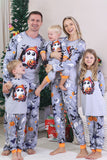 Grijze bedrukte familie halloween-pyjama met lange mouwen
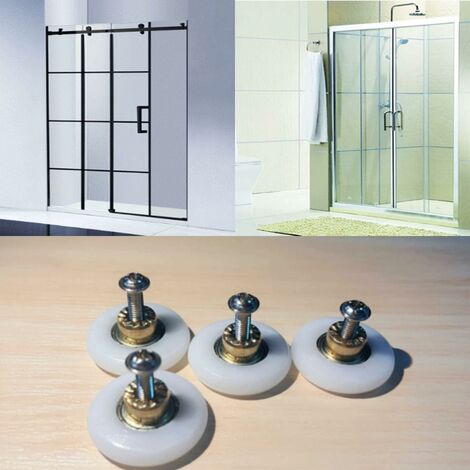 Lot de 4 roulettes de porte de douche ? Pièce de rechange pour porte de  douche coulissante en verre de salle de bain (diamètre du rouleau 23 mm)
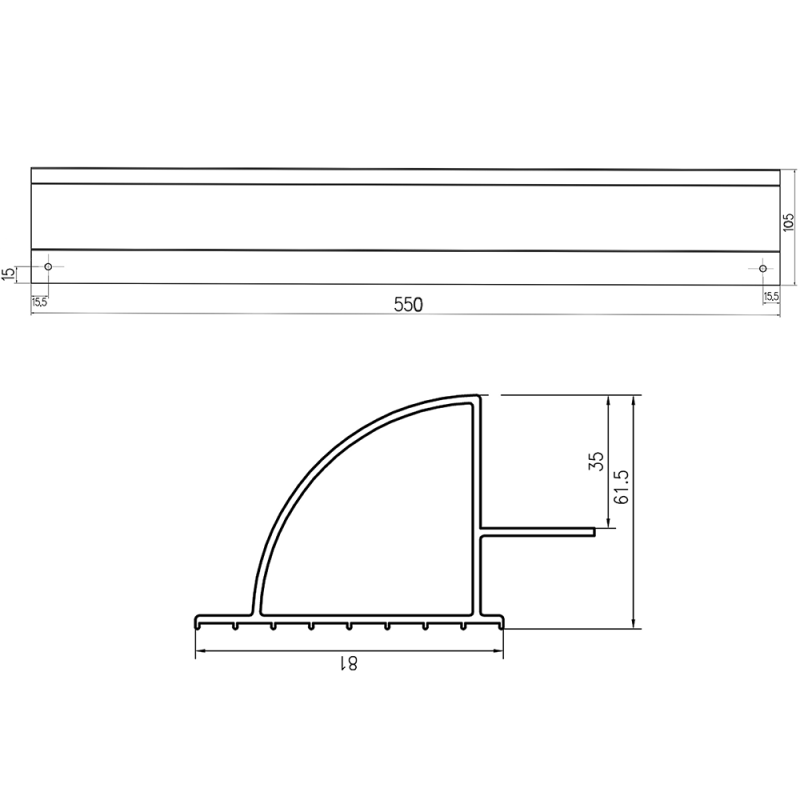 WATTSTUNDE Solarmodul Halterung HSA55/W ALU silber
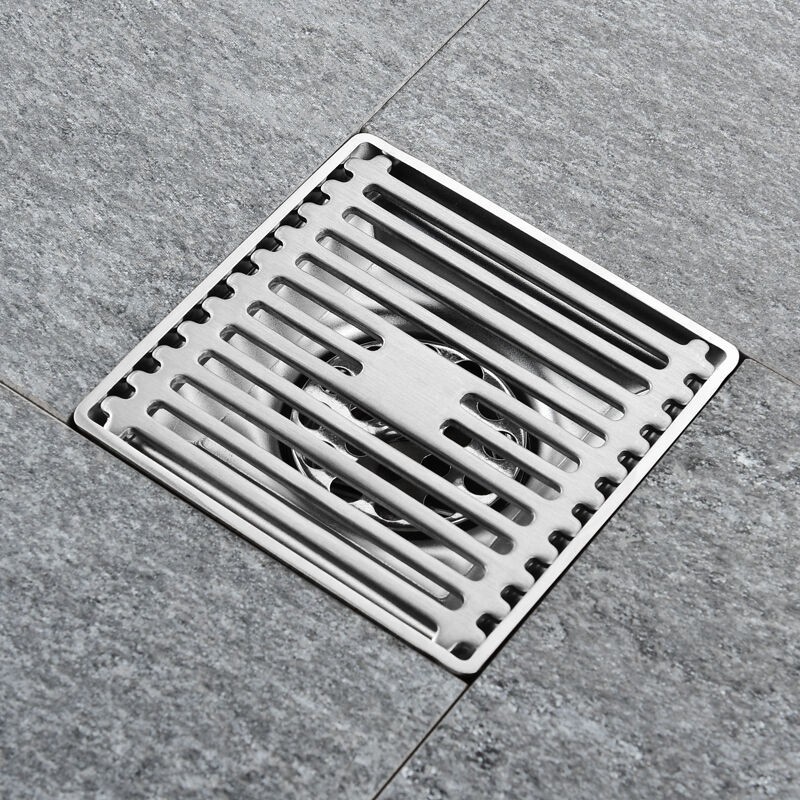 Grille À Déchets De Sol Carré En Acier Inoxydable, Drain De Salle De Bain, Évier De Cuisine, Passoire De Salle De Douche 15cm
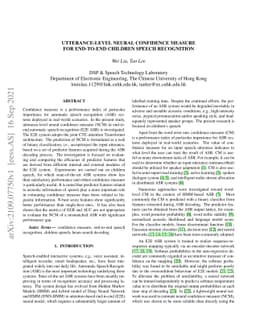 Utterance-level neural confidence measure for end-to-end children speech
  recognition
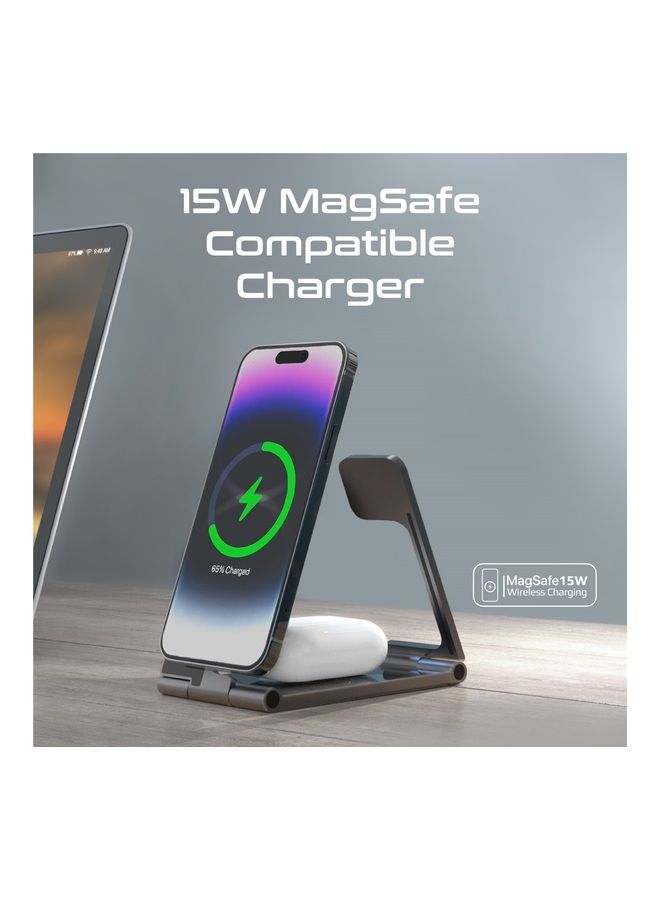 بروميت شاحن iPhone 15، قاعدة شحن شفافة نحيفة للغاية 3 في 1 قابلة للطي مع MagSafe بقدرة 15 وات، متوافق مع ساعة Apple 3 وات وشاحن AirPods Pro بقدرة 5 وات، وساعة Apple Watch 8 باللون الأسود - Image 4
◆ ◆ ◆ ◆
Line by line, retype the records above exactly, minus the images.

 Grijze bedrukte familie halloween-pyjama met lange mouwen
 Lot de 4 roulettes de porte de douche ? Pièce de rechange pour porte de  douche coulissante en verre de salle de bain (diamètre du rouleau 23 mm)
 WATTSTUNDE Solarmodul Halterung HSA55/W ALU silber
 Grille À Déchets De Sol Carré En Acier Inoxydable, Drain De Salle De Bain, Évier De Cuisine, Passoire De Salle De Douche 15cm
 Utterance-level neural confidence measure for end-to-end children speech
  recognition
 بروميت شاحن iPhone 15، قاعدة شحن شفافة نحيفة للغاية 3 في 1 قابلة للطي مع MagSafe بقدرة 15 وات، متوافق مع ساعة Apple 3 وات وشاحن AirPods Pro بقدرة 5 وات، وساعة Apple Watch 8 باللون الأسود - Image 4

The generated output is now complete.